Work item:
Every entry gets copied exactly. No images go into the copy.

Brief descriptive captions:
>>>>
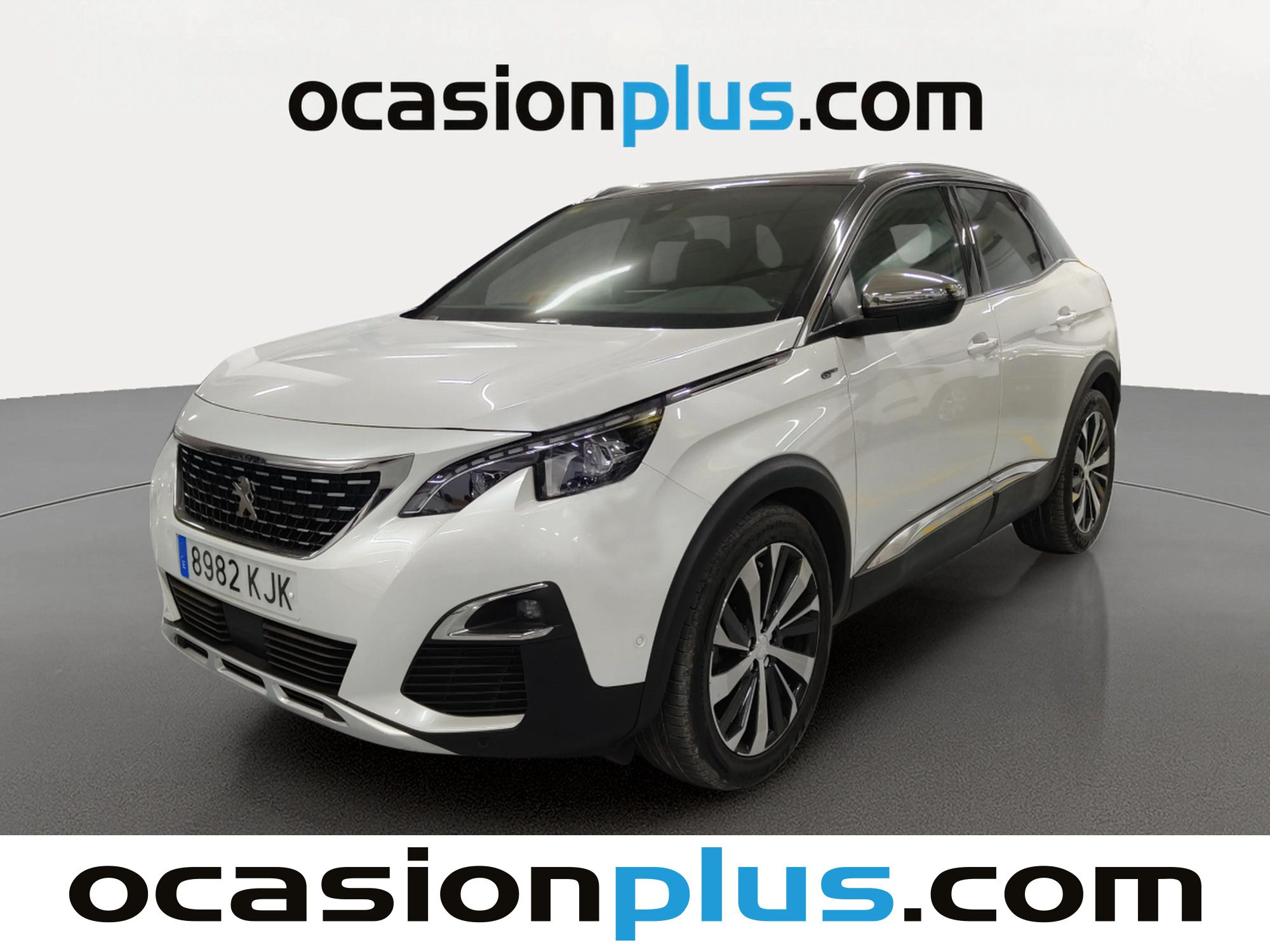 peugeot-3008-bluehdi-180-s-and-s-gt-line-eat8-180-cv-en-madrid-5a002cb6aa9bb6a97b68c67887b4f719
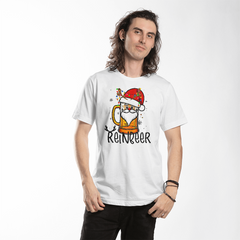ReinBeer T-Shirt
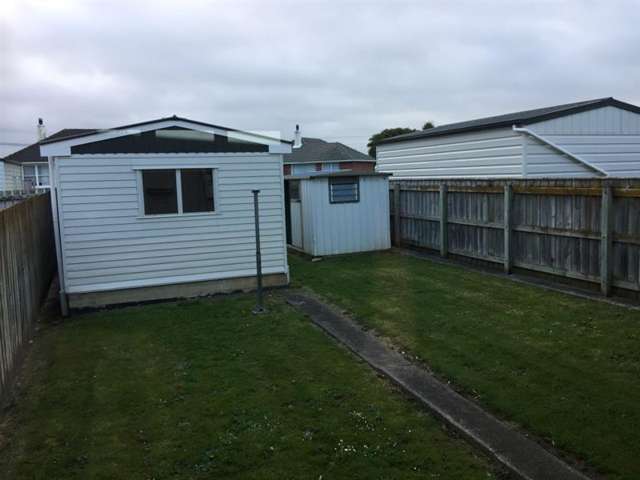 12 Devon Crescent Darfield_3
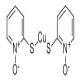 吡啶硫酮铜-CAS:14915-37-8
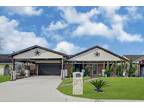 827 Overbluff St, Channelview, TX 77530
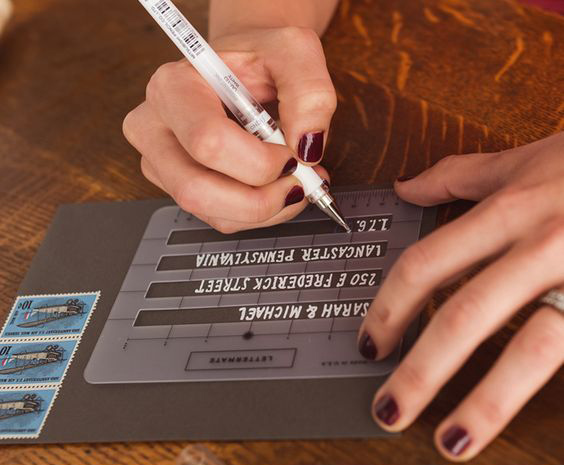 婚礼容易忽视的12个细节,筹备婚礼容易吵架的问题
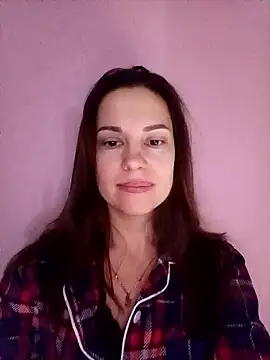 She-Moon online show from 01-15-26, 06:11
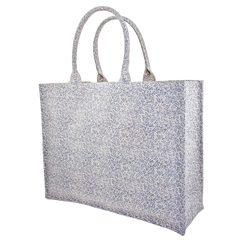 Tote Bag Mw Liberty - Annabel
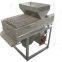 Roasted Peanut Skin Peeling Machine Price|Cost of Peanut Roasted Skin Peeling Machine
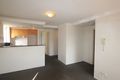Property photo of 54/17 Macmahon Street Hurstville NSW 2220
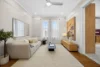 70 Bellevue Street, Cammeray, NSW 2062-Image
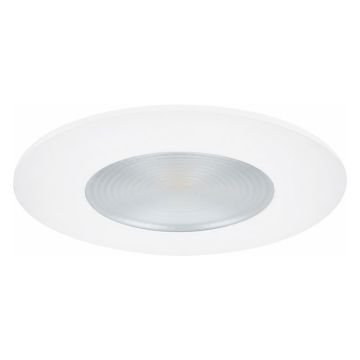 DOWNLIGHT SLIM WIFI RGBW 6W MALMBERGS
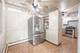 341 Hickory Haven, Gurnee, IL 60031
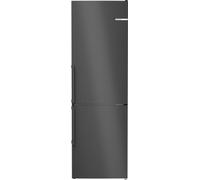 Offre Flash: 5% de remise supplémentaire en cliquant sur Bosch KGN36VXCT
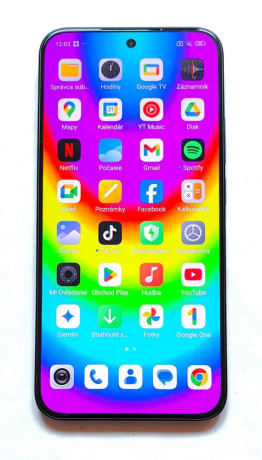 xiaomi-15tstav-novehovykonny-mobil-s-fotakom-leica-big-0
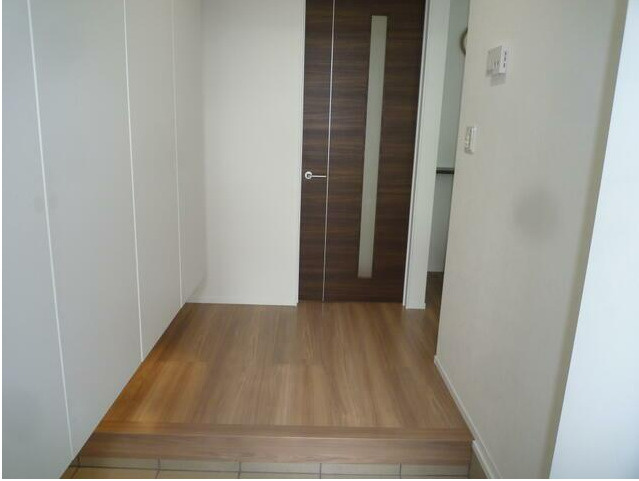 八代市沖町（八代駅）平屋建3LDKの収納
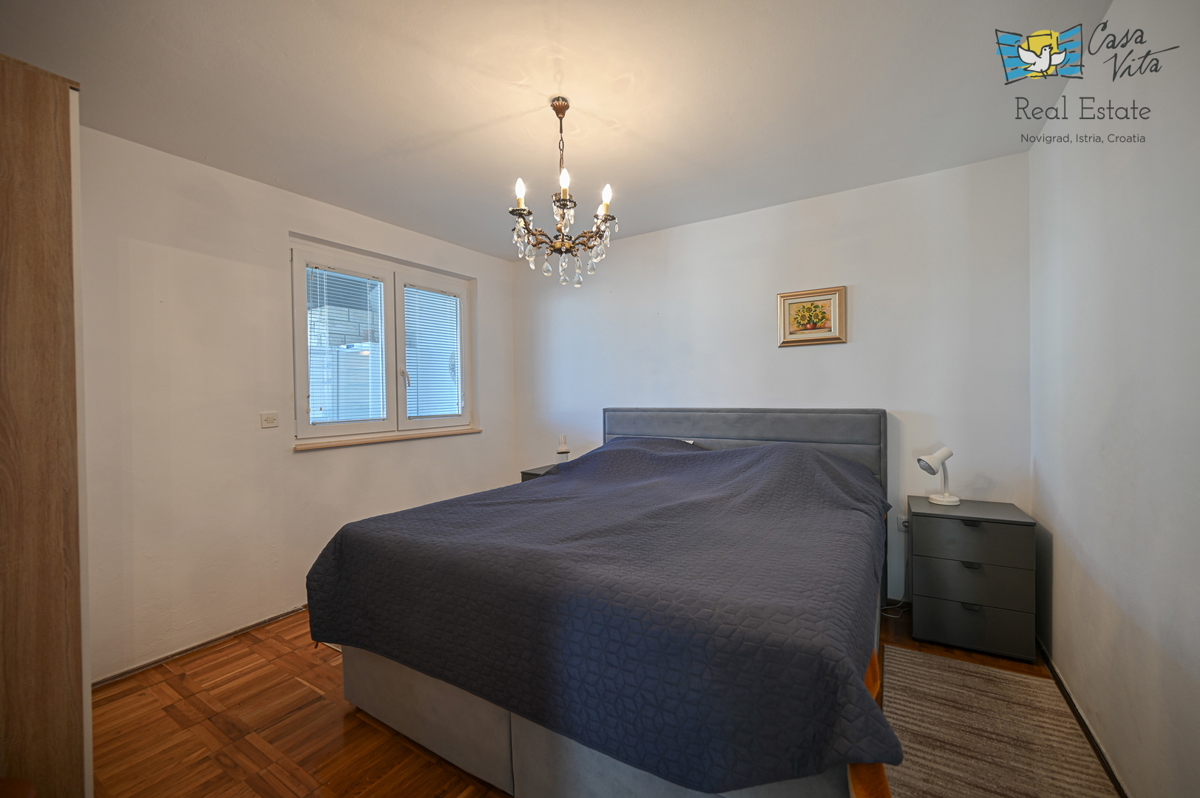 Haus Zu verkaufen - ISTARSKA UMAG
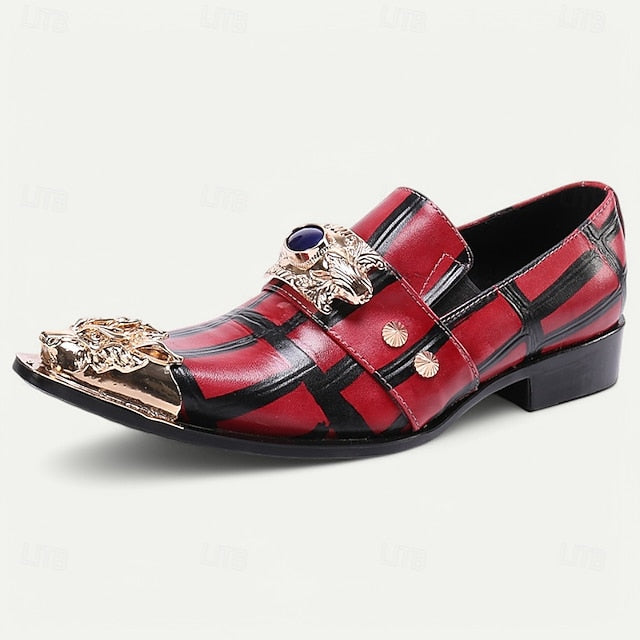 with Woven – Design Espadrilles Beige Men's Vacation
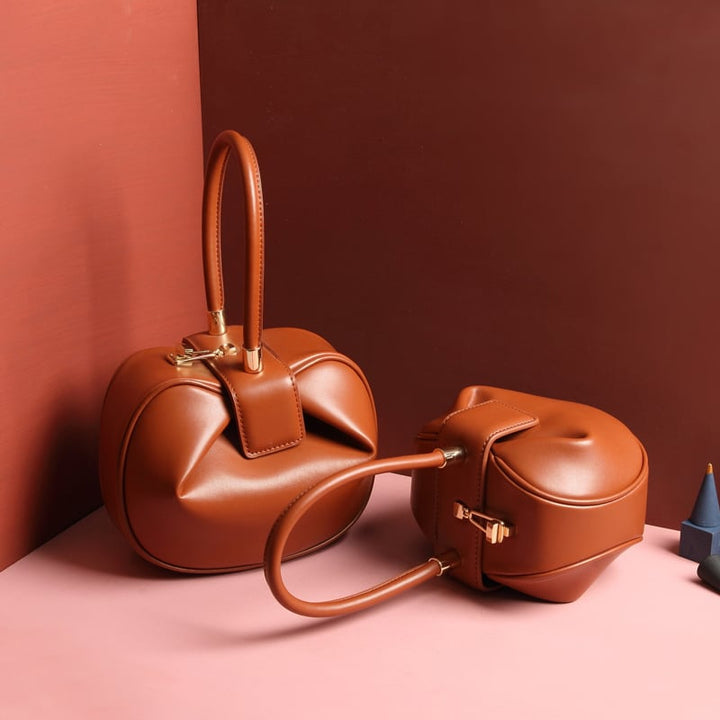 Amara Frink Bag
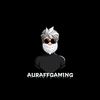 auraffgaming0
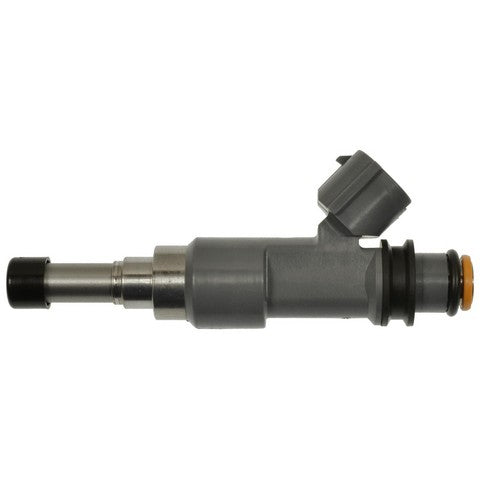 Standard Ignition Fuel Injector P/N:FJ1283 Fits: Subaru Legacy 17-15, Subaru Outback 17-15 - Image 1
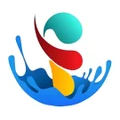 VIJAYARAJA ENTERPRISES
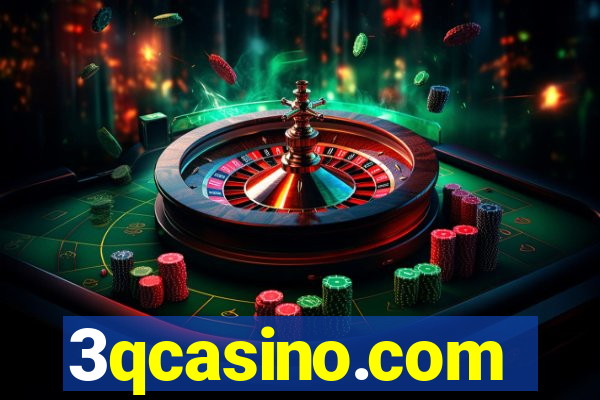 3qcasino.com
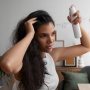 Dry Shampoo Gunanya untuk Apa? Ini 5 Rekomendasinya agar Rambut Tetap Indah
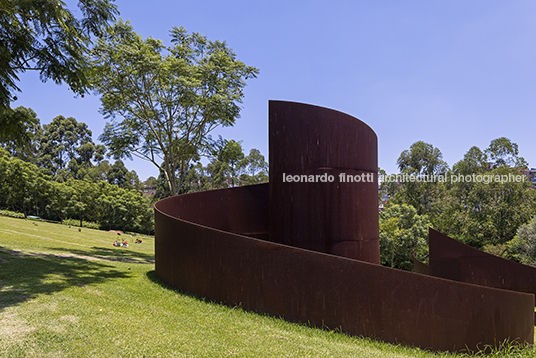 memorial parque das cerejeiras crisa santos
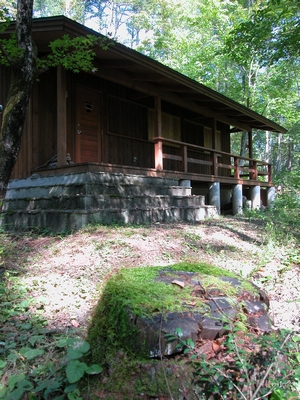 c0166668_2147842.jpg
<<<<
Exercise answer:
 peugeot-3008-bluehdi-180-s-and-s-gt-line-eat8-180-cv-en-madrid-5a002cb6aa9bb6a97b68c67887b4f719
ReinBeer T-Shirt
 12 Devon Crescent Darfield_3
 吡啶硫酮铜-CAS:14915-37-8
 827 Overbluff St, Channelview, TX 77530
 婚礼容易忽视的12个细节,筹备婚礼容易吵架的问题
 She-Moon online show from 01-15-26, 06:11
 Tote Bag Mw Liberty - Annabel
 Roasted Peanut Skin Peeling Machine Price|Cost of Peanut Roasted Skin Peeling Machine
Property photo of 54/17 Macmahon Street Hurstville NSW 2220
 70 Bellevue Street, Cammeray, NSW 2062-Image
 DOWNLIGHT SLIM WIFI RGBW 6W MALMBERGS
 341 Hickory Haven, Gurnee, IL 60031
 Offre Flash: 5% de remise supplémentaire en cliquant sur Bosch KGN36VXCT
 xiaomi-15tstav-novehovykonny-mobil-s-fotakom-leica-big-0
 八代市沖町（八代駅）平屋建3LDKの収納
 Haus Zu verkaufen - ISTARSKA UMAG
 with Woven – Design Espadrilles Beige Men's Vacation
 Amara Frink Bag
 auraffgaming0
 Standard Ignition Fuel Injector P/N:FJ1283 Fits: Subaru Legacy 17-15, Subaru Outback 17-15 - Image 1
 VIJAYARAJA ENTERPRISES
 3qcasino.com
 Dry Shampoo Gunanya untuk Apa? Ini 5 Rekomendasinya agar Rambut Tetap Indah
 memorial parque das cerejeiras crisa santos
 c0166668_2147842.jpg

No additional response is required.